Peter Brock Was Not A Saint

Peter Brock Was Not A Saint

Peter Brock abused his first wife.

This shattering revelation is the turning point in a new movie, Brock: Over the Top, and the one that lifts it well beyond just another feel-good romp through Peter Perfect’s television highlights reel.

At last there is a production which does far more to reveal the real Peter Brock, going beyond the well-worn path of the legendary racing car champion and Australian sporting icon, than anything else which has come since his awful early death.

Michelle Downes, a former Miss Australia who married Brock in the early 1970s in a tidal wave of passion and media coverage, finally confirms the big dirty secret in the life of Brock in the impressive new documentary.

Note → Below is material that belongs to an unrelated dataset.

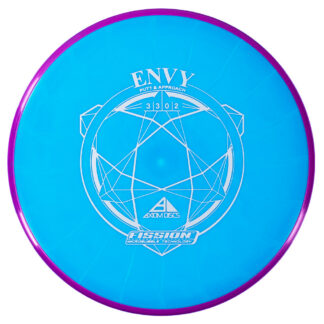 Axiom Fission Envy (Colors Vary) 173-175g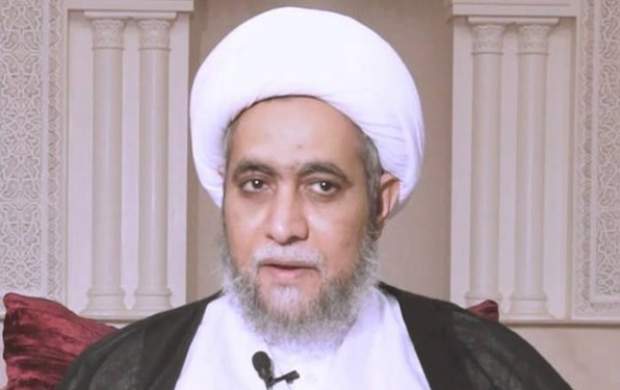 ۱۲ سال زندان برای روحانی شیعه در عربستان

She is open and real and there are newspaper clippings from the time to support her statements on life with the early Brock.

Downes talks about calling the police and being told it was a “domestic” and they would not get involved.

In those days Brock was a smoker, a drinker, a meat eater and much, much more. He was as wild as a high-country brumby and unlike anyone else in motor racing.

His days of yoga, herbal tea and spiritualism were over the horizon in the far distant future.

As time passed in the 1970s and into the 1980s, Brock’s rough edges were knocked away – by Harry Firth in the garage, Tim ‘Plastic’ Pemberton in the publicity department and Beverly ‘Bevo’ Brock in his personal life – and all of these key people are shown, with Plastic and Bevo doing honest face-to-face interviews in the same way as Downes and a host of others.

In many ways it’s the interviews that turn the latest Brock production into a two-step film, as the racetrack pictures and Brock’s personal chat carry the story with colour-and-movement before the personal interviews provide context, emotion and reflection. The distinction is provided by sepia colouring of the interviews, which are conducted ‘down-the-barrel’ directly into the camera almost like evidence in a courtroom.

The action pictures are great, from the rare early colour coverage of his home-built Austin A30 through the Torana glory days to the later years in Commodores.

Smart editing also provides Brock’s thoughts on many events, including the victory in the Repco Reliability Trial in 1979 that he personally regarded as his greatest success.

The action is linked, and explained, and made real, by the interviews as a long string of motorsport identities – Allan Moffat, Dick Johnson, John Harvey and Graeme ‘Mort’ Brown, take their turn in front of the camera and talk racing.

Phil Scott, the retired doyen of motorsport journalists and former Wheels editor, talks through the Brock business empire and the Polarizer incident that fractured ties with Holden.

Then there are the family members, from Brock’s brothers Lewis and Phil to his three children and his last love, and partner at the time of his death, Julie Bamford.

The insights are real and often raw, particularly when his daughter Alexandra talks about her relationship with her father and Phil talks about being sacked by his brother, and this will be the first time that many viewers are aware of the complications in Brock’s life and relationships.

Some people unload personal baggage in their interviews, but that is the way they see things and their part in the Brock story.

By the finish, the new Brock movie provides a proper 3D view of an amazing man who was so much more than just a race-car driver.

From a personal perspective, as Brock was a genuine friend to me and we shared many personal and intimate moments, I like the movie and I think the production team has done an A-grade job on a difficult topic and a complicated character.

Some people will find it hard to watch some parts, and diehard Brock fans will be in denial about some of the commentary.

But it’s true and real and a five-star effort that’s essential viewing for anyone with even a passing interest in a man who was a living national treasure.

Brock: Over the Top is made for the cinema and is available to rent from Friday, July 3 on Apple TV, Fetch, Foxtel Movies, Google Play, Sony PlayStation and Microsoft Xbox.